Extended-release buprenorphine delivers a steady, consistent level of medication throughout the week. There are no daily peaks or troughs. That stability is likely one of the main reasons the abstinence rates were higher in this group.
What About the Postpartum Period?
The advantage did not carry through after birth. At 12 months postpartum, abstinence rates were nearly identical in both groups: 60.2% versus 59.5%.
Life after birth brings real pressure. Child protective services were involved with 36% of participants in this study. Most women also held custody of their newborns, which means the demands of infant care arrived alongside an already difficult recovery period. Medication discontinuation climbed from around 10% during pregnancy to 35% postpartum in both groups.
Medication alone cannot carry the weight of that. Social, psychological, and practical support all matter enormously in the months after birth.
Buprenorphine in Pregnancy: What the Safety Data Shows
Some clinicians have raised concerns about higher overall buprenorphine exposure with the extended-release formulation compared to equivalent sublingual doses. The trial data offer genuine reassurance.
Infants in the extended-release group showed no significant differences in NOWS treatment rates, hospital stay length, Apgar scores, birth weight, or developmental outcomes at 12 months. The one statistically significant infant finding was a slightly larger average head circumference at birth in the extended-release group (34.0 cm vs 33.4 cm). Both figures sit well within the normal range. All 135 infants with medical record data were born alive and left hospital alive.
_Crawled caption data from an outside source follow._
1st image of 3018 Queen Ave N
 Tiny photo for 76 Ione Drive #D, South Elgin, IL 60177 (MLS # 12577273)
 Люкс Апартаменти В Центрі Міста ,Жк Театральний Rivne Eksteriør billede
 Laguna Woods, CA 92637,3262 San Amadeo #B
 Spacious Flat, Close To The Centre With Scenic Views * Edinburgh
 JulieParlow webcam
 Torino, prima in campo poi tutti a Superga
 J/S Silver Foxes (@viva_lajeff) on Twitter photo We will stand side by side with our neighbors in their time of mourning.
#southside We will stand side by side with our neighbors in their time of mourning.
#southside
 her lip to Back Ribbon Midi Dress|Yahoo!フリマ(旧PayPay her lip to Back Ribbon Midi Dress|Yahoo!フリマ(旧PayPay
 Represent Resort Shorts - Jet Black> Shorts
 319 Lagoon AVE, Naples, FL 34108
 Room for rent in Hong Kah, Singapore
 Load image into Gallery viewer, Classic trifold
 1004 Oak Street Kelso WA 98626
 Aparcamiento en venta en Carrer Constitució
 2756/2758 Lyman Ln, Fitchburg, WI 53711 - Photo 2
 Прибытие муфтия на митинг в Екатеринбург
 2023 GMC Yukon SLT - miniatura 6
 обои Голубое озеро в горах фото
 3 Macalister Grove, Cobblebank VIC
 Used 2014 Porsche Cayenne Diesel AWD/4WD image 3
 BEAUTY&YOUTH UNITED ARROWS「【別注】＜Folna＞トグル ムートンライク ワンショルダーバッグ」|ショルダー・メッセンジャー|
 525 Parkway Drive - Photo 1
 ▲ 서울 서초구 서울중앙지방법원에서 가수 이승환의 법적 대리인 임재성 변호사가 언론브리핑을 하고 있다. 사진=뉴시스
On the maternal side, women in the extended-release group did report more medication-related mild adverse events during pregnancy, mainly gastrointestinal symptoms such as nausea and constipation. The authors point out that open-label trials tend to produce higher rates of attributed side effects, particularly for the less familiar treatment. None of these events were severe.
What This Means in Practice
This is the first randomised clinical trial to support weekly extended-release buprenorphine during pregnancy. Before this study, clinicians relied on case reports and small cohort studies to guide decisions about the injectable form.
For healthcare professionals managing buprenorphine in pregnancy, the trial adds evidence that the extended-release formulation:
- Produces higher illicit opioid abstinence rates during pregnancy
- Carries fewer serious maternal adverse events
- Offers a comparable infant safety profile to sublingual buprenorphine
- May suit patients where daily adherence or diversion risk is a concern
The study population was clinically stable. Nearly all participants were already on sublingual buprenorphine at enrolment. Results may not apply to women starting buprenorphine treatment for the first time or those with more complex presentations. The sample was also predominantly White and non-Hispanic, which limits how broadly these findings generalise across different populations.
A Note on Realistic Expectations
The trial reached a completion rate of 98% through pregnancy and 81% through 12 months postpartum. That is high for this type of research. Even so, abstinence rates dropped in both groups after birth. Recovery from opioid use disorder in pregnancy is a long process, not a single outcome that medication alone can secure.
Medication works best as part of something larger: consistent clinical follow-up, honest and non-judgmental conversations about risk, and practical support that meets people where they actually are. The evidence from this trial moves that broader effort forward.